The shape you assign to a column tells SquaredUp what the column contains (for example, a number, a date, a currency, a URL, etc.). Based on the shape SquaredUp decides how to display this column, for example to display a URL as a clickable link.
Filter out or just hide columns. Only the columns you define in metadata will be returned in the results. This helps you to filter out columns you don't need. If you need the content of a column but don't want to display it, you can use the visible parameter.
Give columns a nicely readable display name.
Assign a specific role to columns .
The role you assign to a column tells SquaredUp the purpose of the column. For example, if you have two different columns that contain numbers, you need to assign the role value to the column that contains the actual value you want to use in your visualization.
If you don't specify any metadata, all columns will be returned and SquaredUp will do its best to determine which columns should be used for which purpose. If you're returning pretty simple data, for example just a string and a number, this can work fine. But if you're returning two columns with numbers it gets trickier for SquaredUp to figure out which one is the value and which one is just an ID or some other number.
Parameters:
Before you start specifying metadata, leave them empty at first and get all the raw data with your new data stream once.
In order to do this, finish creating your custom data stream without metadata and create a tile with this data stream. The Table visualization will show you all raw data.
This will give you an overview about all columns and their content and help you decide which columns you need and what their shapes and roles should be. It's also essential for getting the correct column name to reference in the name parameter.
Use this information to go back to the data stream configuration and specifying the metadata.
name
Mandatory
Enter the name of the column you are referencing here.
To find the name of a column, get the data from this data stream once without any metadata. See the tip above for how to do that. You'll see the column name when you hover over the column in the Table.
displayName
Optional
Here you can give the column a user-friendly name
shape
Recommended
The shape you assign to a column tells SquaredUp what the column contains (for example, a number, a date, a currency, a URL, etc.). Based on the shape SquaredUp decides how to display this column, for example to display a URL as a clickable link.
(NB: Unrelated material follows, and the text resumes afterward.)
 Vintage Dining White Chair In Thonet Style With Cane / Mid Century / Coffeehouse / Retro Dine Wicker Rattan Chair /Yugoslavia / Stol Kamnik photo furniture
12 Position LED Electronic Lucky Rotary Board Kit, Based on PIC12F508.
Note: Please refer to the list of shapes below this table to see available shapes.
role
Recommended
The role you assign to a column tells SquaredUp the purpose of the column. For example, if you have two different columns that contain numbers, you need to assign the role value to the column that contains the actual value you want to use in your visualization.
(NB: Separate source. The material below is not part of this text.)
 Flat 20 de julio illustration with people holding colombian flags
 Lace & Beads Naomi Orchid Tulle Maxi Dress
Note: Please refer to the list of roles below this table to see available roles.
visible
Optional
true or false
Use this if you need a columns content but don't need to display the column itself.
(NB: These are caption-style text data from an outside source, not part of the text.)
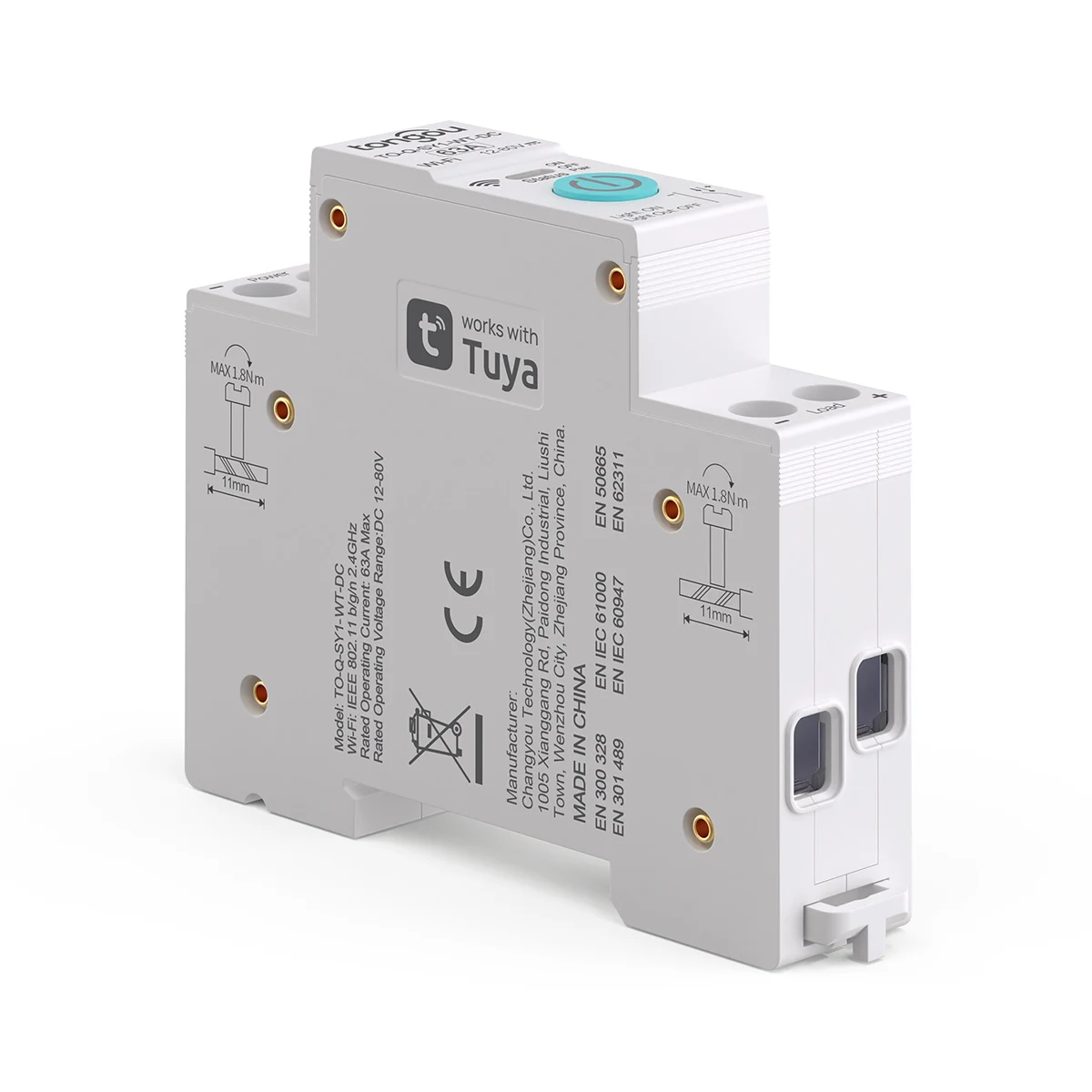 TUYA DC WIFI Smart Circuit Breaker 1P 63A DIN Rail for Smart Home wireless Remot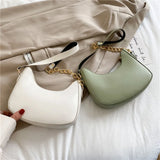 Women Solid Subaxillary Bags Ladies Single Strap Chain Shopping Handbags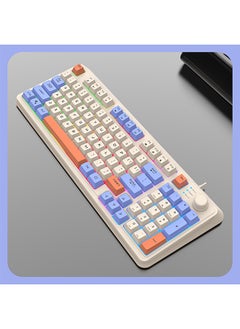 XUNFOX 94-Key Wired Keyboard, Membrane Keyboard, Gaming Keyboard, Office Keyboard, Built-in Volume Adjustment Knob, RGB Light Effect, Computer Keyboard  - Image 2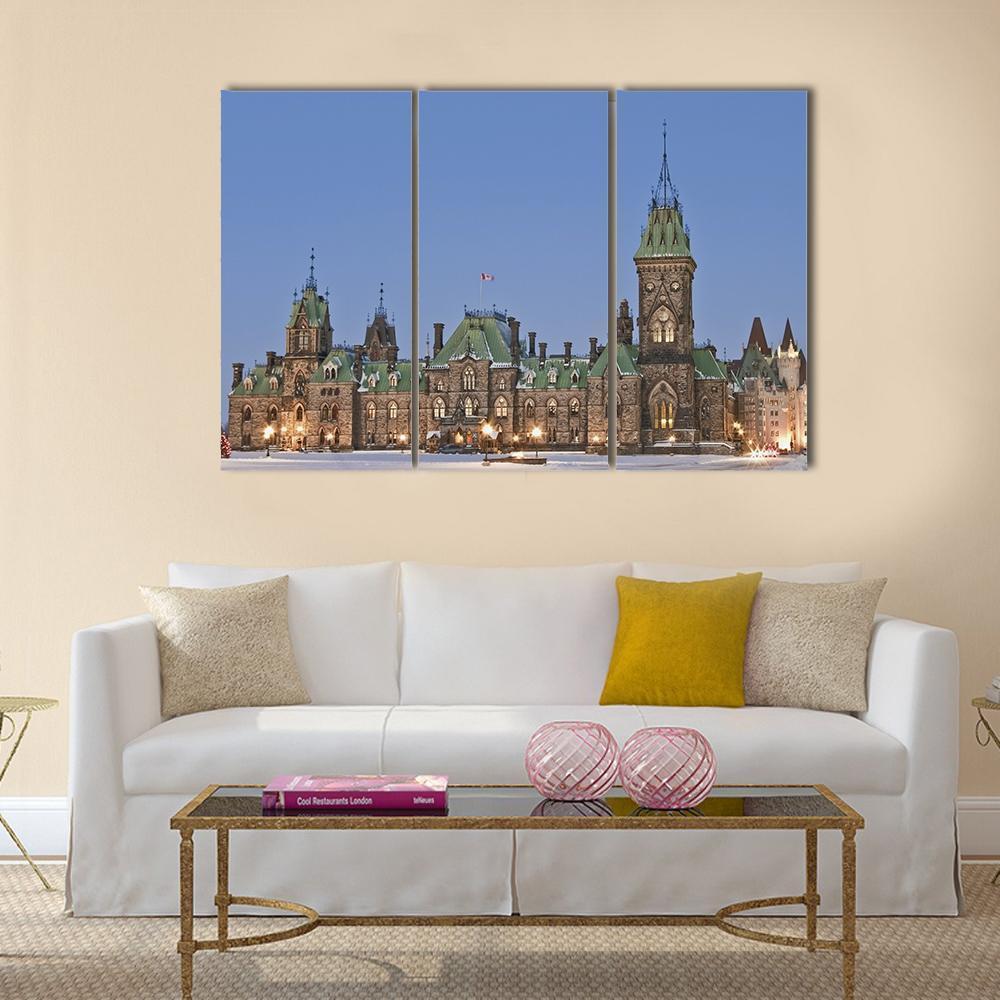The Canadian Parliament Canvas Wall Art-3 Horizontal-Gallery Wrap-37" x 24"-Tiaracle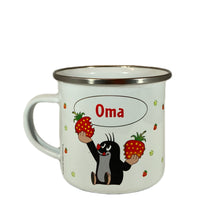 Laden Sie das Bild in den Galerie-Viewer, Namenstasse „Kleiner Maulwurf“ Emaillebecher mit verschiedenen Namen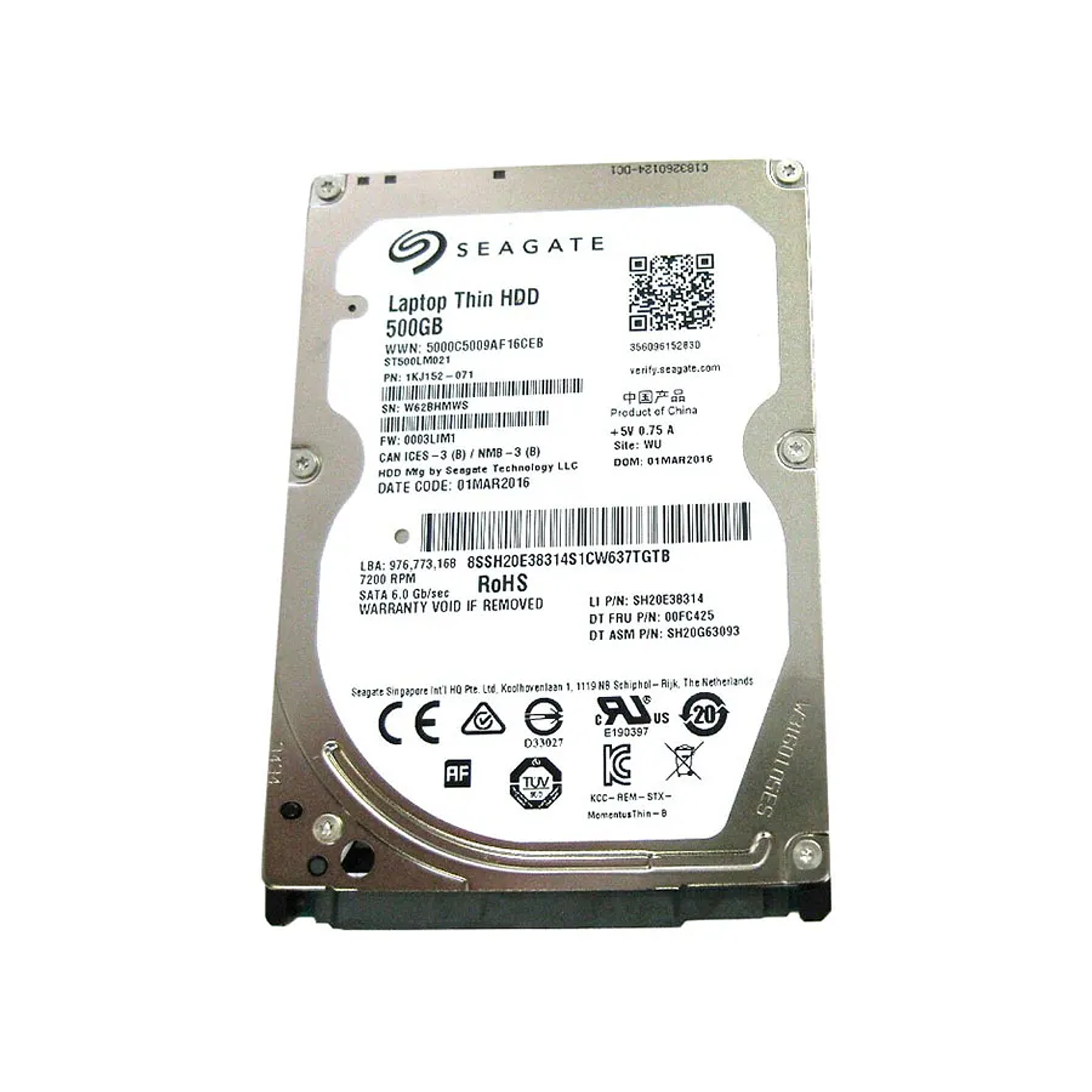 Hard Drive 500Gb Sata 2.5 72K 7Mm 00FC425 1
Example: Column A contains the full link to a ticket in your ticket system. Column B contains the ticket ID. You want to use the ticket ID as a label for the link, turning the long URL into a much nicer to read "Ticket 123". This is why you need the content of column B, to assign it as a label for column A. But since the URL is now displayed as the ticket ID, it would be redundant to still display column B. This is why you hide column B with false.
There are many different shapes you can use for your columns and the list of possible shapes gets expanded constantly:
Basic types, like: boolean, date, number, string
Currency types that get displayed with two decimal values and their currency symbol (for example $23,45), like: currency (generic currency), eur, gbp, usd
Data types, like: bytes, kilobytes, megabytes
Time types, like: seconds, milliseconds, timespan
The status type : state
Utility types, like: customUniturl (will be displayed as a link)
Tip:
Some shapes can be configured.
If a shape is configurable, you can edit how the shape displays data in SquaredUp.